#### [Materials provided]
------------------------------
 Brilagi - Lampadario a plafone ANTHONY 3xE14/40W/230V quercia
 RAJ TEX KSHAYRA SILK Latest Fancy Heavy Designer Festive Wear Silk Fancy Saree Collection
------------------------------
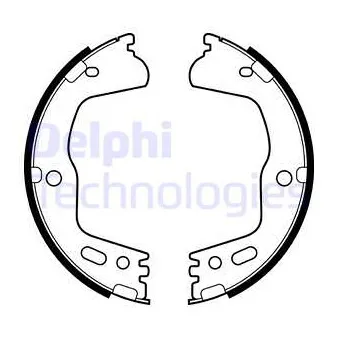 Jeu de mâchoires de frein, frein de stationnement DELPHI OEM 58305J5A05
------------------------------
#### [Task to carry out]
Take the stretch of lines above from the one containing "Brilagi - Lampadario" through the one containing "RAJ TEX KSHAYRA" and repeat it exactly, adding no other line.

#### [Answer box]
 Brilagi - Lampadario a plafone ANTHONY 3xE14/40W/230V quercia
 RAJ TEX KSHAYRA SILK Latest Fancy Heavy Designer Festive Wear Silk Fancy Saree Collection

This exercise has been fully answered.